Over at Slate, Matt asks if the "manufacturing rebound" actually happening. He shows a graph of manufacturing employment, reproduced here:
(click the pic for an even more Perk-esque image).
However if we look at output instead of employment, the picture is quite different:
(clic the pic for an even more Chamberlin-ian image)
The amount of stuff we manufacture has recovered in a V like pattern, without adding very many employees. Since the end of the recession, it looks like around a 17% increase in output but only around a 4% increase in employment. Notice that in the last downturn both series fell substantially (17% fall in employment, 19% fall in output) so it's probably not a labor hoarding story that explains the jobless recovery in manufacturing).
So what is manufacturing? The products or the jobs?
3 comments:
Manufacturing: Multifactor Productivity (MFGPROD) is interesting. Not sure what it's saying, but interesting.

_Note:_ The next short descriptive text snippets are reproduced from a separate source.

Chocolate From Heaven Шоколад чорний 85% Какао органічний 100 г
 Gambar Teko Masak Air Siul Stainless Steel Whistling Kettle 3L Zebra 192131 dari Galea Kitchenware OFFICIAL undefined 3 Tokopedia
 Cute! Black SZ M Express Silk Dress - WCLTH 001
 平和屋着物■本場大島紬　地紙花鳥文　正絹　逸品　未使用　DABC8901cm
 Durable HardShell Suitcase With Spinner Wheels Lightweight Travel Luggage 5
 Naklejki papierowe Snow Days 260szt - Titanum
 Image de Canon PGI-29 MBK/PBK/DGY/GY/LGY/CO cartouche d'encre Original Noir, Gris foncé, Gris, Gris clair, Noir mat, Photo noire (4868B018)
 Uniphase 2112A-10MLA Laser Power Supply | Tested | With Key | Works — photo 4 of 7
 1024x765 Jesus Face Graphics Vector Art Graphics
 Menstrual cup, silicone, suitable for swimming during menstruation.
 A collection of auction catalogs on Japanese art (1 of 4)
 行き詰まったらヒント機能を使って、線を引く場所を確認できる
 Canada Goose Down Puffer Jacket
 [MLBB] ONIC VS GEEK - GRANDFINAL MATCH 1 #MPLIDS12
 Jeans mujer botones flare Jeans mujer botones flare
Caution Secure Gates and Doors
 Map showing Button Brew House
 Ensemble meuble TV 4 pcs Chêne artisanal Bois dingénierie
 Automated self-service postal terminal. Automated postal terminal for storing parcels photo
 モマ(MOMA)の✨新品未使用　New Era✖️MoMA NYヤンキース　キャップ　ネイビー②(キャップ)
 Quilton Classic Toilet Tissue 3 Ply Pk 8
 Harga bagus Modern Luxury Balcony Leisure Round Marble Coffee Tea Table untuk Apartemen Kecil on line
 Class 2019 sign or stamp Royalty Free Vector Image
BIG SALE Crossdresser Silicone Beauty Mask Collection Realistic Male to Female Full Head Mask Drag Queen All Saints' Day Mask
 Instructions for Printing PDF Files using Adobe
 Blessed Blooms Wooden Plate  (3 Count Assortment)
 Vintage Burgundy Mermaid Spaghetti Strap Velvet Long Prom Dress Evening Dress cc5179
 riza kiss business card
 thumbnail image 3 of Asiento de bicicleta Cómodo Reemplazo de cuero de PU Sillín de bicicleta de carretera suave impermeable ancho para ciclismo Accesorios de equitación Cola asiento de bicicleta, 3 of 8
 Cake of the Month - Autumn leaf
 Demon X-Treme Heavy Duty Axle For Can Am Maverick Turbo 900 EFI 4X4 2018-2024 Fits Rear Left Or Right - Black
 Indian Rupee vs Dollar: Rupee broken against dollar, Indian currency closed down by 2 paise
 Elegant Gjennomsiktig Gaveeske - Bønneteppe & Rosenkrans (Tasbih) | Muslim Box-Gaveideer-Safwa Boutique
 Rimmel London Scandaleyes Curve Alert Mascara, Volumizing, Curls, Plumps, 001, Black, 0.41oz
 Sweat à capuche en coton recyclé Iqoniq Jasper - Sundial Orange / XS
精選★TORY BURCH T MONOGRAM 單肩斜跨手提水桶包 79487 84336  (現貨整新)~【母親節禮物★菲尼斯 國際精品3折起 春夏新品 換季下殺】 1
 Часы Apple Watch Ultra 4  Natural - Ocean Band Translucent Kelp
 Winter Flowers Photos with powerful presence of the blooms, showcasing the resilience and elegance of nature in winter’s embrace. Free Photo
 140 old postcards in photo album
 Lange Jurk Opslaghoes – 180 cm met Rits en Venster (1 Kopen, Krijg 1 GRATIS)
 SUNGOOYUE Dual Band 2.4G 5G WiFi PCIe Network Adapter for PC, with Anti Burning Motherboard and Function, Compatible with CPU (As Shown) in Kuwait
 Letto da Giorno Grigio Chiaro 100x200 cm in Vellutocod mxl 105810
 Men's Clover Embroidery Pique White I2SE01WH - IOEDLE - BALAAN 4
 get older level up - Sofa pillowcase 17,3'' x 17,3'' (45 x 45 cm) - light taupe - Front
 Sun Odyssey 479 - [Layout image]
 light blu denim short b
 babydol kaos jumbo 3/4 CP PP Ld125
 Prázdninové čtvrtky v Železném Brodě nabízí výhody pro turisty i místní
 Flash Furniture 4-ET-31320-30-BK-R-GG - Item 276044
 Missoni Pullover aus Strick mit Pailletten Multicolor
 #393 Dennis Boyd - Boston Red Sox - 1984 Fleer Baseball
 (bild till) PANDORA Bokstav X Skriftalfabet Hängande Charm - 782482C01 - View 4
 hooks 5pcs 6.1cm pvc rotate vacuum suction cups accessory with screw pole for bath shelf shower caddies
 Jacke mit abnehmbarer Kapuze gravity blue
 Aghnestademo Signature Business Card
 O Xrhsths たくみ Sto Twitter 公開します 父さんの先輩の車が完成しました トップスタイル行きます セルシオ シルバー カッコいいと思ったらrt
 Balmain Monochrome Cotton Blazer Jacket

http://research.stlouisfed.org/fredgraph.png?g=fyq
Do the employment numbers include all the programmers and other capital asset producers that are behind the machines?
Well, if you believe in the broken window fallacy, as Yglesias and his ilk almost certainly do, then the economy grows by employment, without reference to the actual production of goods and services. If, however, you're not an economic ignoramus, then manufacturing's strength is measured in the amount of goods and services it's producing.